Alternate Breathing Patterns
This drill is especially effective if you only breathe to one side on freestyle.
Do a few 25s freestyle breathing to your nondominant side. If you breathe every three strokes, try every two or four. Mix it up, and see where the imbalance lies.
You can also do a false breath—roll to your nondominant side as if you were about to take a breath, but do not take your face out of the water for air. You’ll gain the benefit of a more balanced body roll without throwing off your rhythm or tempo.
OK Drill
Make an “OK” sign with your thumb and pointer finger around a plastic golf ball with holes (golf training ball). When you initiate your pull with your other three fingers, be certain that they’re pointing toward the bottom of the pool. Start with the ball in your nondominant hand and then switch after a few 25s. Focus on how the water feels on those three fingers. If you’re pulling correctly, you should feel a connectivity from your fingers to the tendons in your forearms to the muscles around your shoulder blades.
One Fin and One Paddle
You can do this drill at a faster pace to mimic conditions you’d feel on race day.

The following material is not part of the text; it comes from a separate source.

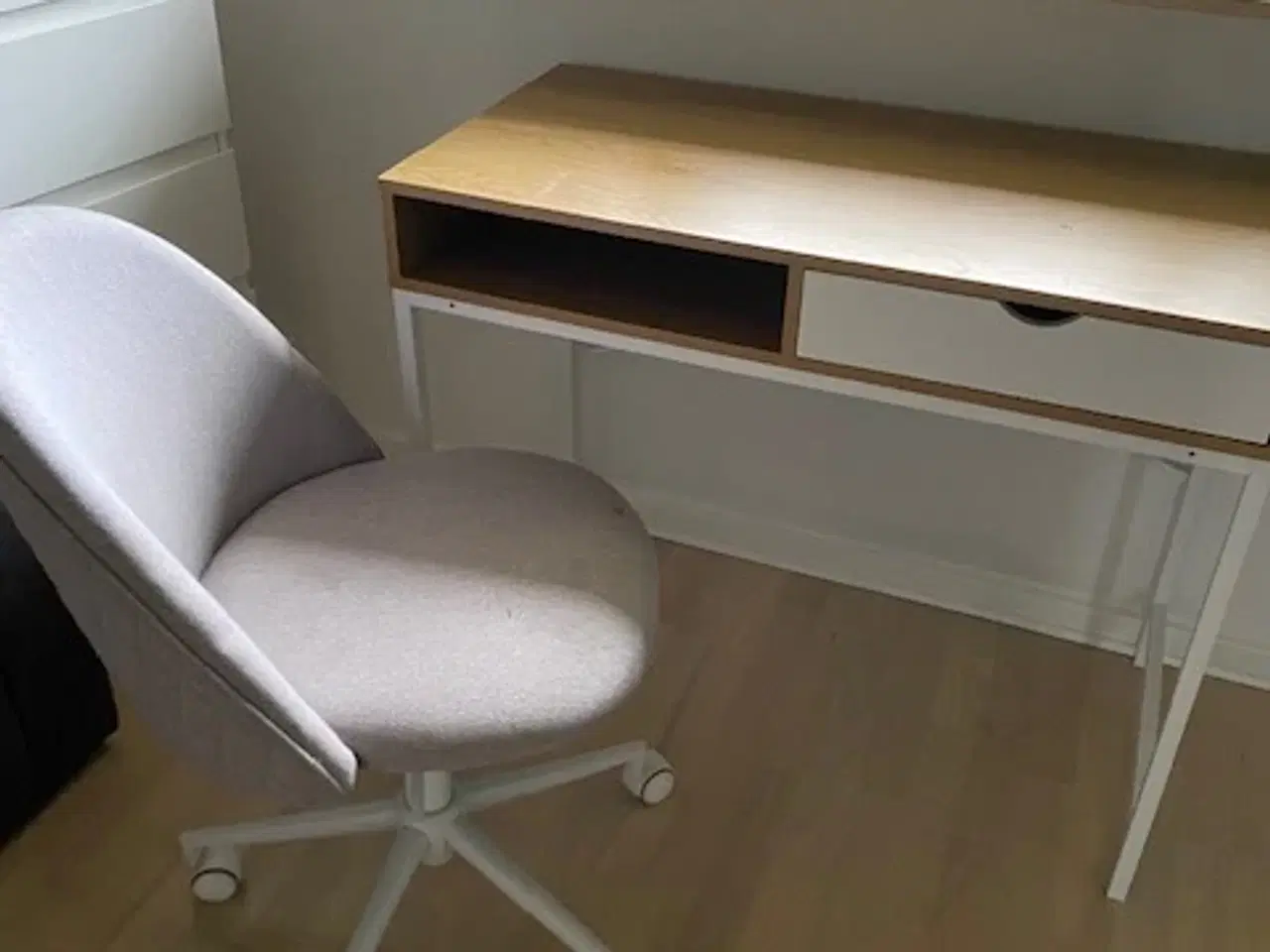 Billede 1 - skrivebord/ kontorstol sælges kun samlet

Start with one paddle and both fins. When you improve your ability to feel the water, take off the fin that’s on the same side of your body that you have a paddle on (swim with a left paddle and right fin or right paddle and left fin). The propulsion from the downward phase of the kick with your finned foot (especially if it’s your dominant leg) will help you gain awareness of how your hand is entering with the paddle on your nondominant side. Alternate which hand you have a paddle on and perform this drill again.
Opposite-Foot Track Starts
With permission and supervision from a coach or lifeguard, step up on the blocks to work on your starts, but switch the position of your feet. If you normally have your left foot forward and your right foot back, switch them and try the start in this reverse manner. (Be careful not to lose your balance.) You’ll feel the difference immediately. Everything from going down to grab the block to the legs pushing off the block to how you enter the water and get into streamlined position will feel drastically different. We often think in terms of being right- or left-handed, but we for sure have right- or left-leg dominance as well. Be aware of this not only on the block but when pushing off the walls for turns and in kicking.
Swimming with Drag Shorts
Find an old pair of nylon soccer shorts and put them on for a few 50s after warm-up. The shorts will get you to feel drag in a much more pronounced manner. We wear tech suits to reduce how much drag we experience when racing, but feeling drag can be a very effective training tool in practice.
Final Thought
When doing these drills, try to feel the imbalance in your body, make mental notes, and do your best to correct. Whenever possible, have someone film you. This will always make analysis much easier. If a picture says a thousand words, then a video says much more.